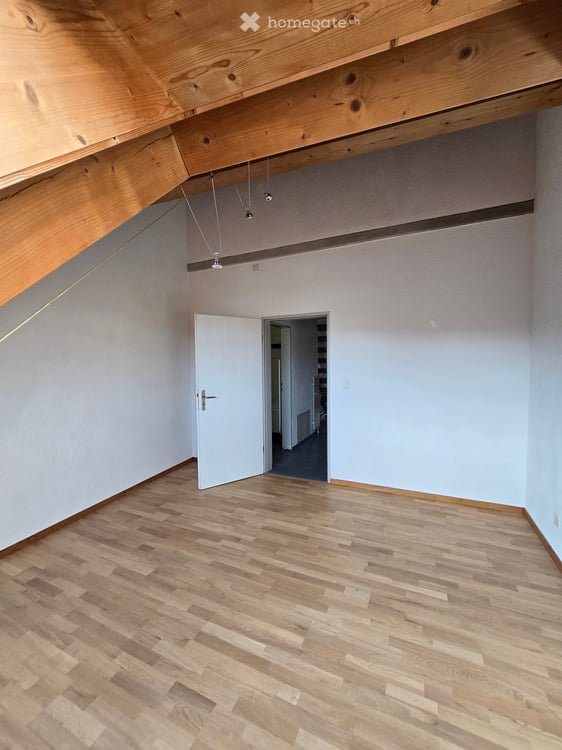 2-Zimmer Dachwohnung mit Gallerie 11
++++++++
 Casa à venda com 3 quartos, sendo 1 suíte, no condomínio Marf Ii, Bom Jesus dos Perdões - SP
++++++++
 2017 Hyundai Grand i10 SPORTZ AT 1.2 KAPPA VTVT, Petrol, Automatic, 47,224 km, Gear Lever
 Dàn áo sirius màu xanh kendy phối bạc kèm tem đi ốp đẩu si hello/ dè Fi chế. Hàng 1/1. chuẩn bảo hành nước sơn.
++++++++
:: What you will do ::
Everything from the line containing "2017 Hyundai Grand" through the line containing "Dàn áo sirius" in the material above should be retyped exactly, both ends included, and nothing more.

:: Result for this exercise ::
 2017 Hyundai Grand i10 SPORTZ AT 1.2 KAPPA VTVT, Petrol, Automatic, 47,224 km, Gear Lever
 Dàn áo sirius màu xanh kendy phối bạc kèm tem đi ốp đẩu si hello/ dè Fi chế. Hàng 1/1. chuẩn bảo hành nước sơn.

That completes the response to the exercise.